[Caption-style text data]
----

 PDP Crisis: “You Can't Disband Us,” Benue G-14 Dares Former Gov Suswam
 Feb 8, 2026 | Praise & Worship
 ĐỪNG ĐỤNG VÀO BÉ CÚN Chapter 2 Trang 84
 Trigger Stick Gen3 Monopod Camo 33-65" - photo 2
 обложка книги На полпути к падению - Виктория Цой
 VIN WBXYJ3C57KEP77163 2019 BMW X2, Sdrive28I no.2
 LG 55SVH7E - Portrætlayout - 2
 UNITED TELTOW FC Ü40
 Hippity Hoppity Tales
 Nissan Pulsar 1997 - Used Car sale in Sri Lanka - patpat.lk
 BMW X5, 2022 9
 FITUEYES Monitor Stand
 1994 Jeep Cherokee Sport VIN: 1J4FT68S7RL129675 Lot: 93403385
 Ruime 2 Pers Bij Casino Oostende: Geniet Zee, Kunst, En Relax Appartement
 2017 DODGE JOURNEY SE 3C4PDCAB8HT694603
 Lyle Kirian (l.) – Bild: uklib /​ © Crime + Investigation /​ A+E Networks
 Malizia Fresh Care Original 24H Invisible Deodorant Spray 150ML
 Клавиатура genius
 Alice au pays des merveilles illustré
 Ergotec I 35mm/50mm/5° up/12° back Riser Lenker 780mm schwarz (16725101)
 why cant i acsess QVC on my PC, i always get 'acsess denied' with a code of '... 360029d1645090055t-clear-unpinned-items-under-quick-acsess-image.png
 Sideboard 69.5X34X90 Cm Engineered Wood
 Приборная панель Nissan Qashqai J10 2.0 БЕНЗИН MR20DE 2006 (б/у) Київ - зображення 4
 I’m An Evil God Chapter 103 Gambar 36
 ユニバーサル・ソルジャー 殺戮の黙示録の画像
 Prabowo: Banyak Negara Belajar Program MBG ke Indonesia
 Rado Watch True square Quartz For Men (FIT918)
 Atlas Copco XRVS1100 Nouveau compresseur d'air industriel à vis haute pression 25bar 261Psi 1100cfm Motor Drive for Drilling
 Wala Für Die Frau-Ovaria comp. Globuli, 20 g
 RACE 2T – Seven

----

*Task statement:* Nothing should appear in the answer except the lines from the one with "2017 DODGE JOURNEY SE 3C4PDCAB8HT694603" through the final line of the records, written exactly.

*Task response:*
 2017 DODGE JOURNEY SE 3C4PDCAB8HT694603
 Lyle Kirian (l.) – Bild: uklib /​ © Crime + Investigation /​ A+E Networks
 Malizia Fresh Care Original 24H Invisible Deodorant Spray 150ML
 Клавиатура genius
 Alice au pays des merveilles illustré
 Ergotec I 35mm/50mm/5° up/12° back Riser Lenker 780mm schwarz (16725101)
 why cant i acsess QVC on my PC, i always get 'acsess denied' with a code of '... 360029d1645090055t-clear-unpinned-items-under-quick-acsess-image.png
 Sideboard 69.5X34X90 Cm Engineered Wood
 Приборная панель Nissan Qashqai J10 2.0 БЕНЗИН MR20DE 2006 (б/у) Київ - зображення 4
 I’m An Evil God Chapter 103 Gambar 36
 ユニバーサル・ソルジャー 殺戮の黙示録の画像
 Prabowo: Banyak Negara Belajar Program MBG ke Indonesia
 Rado Watch True square Quartz For Men (FIT918)
 Atlas Copco XRVS1100 Nouveau compresseur d'air industriel à vis haute pression 25bar 261Psi 1100cfm Motor Drive for Drilling
 Wala Für Die Frau-Ovaria comp. Globuli, 20 g
 RACE 2T – Seven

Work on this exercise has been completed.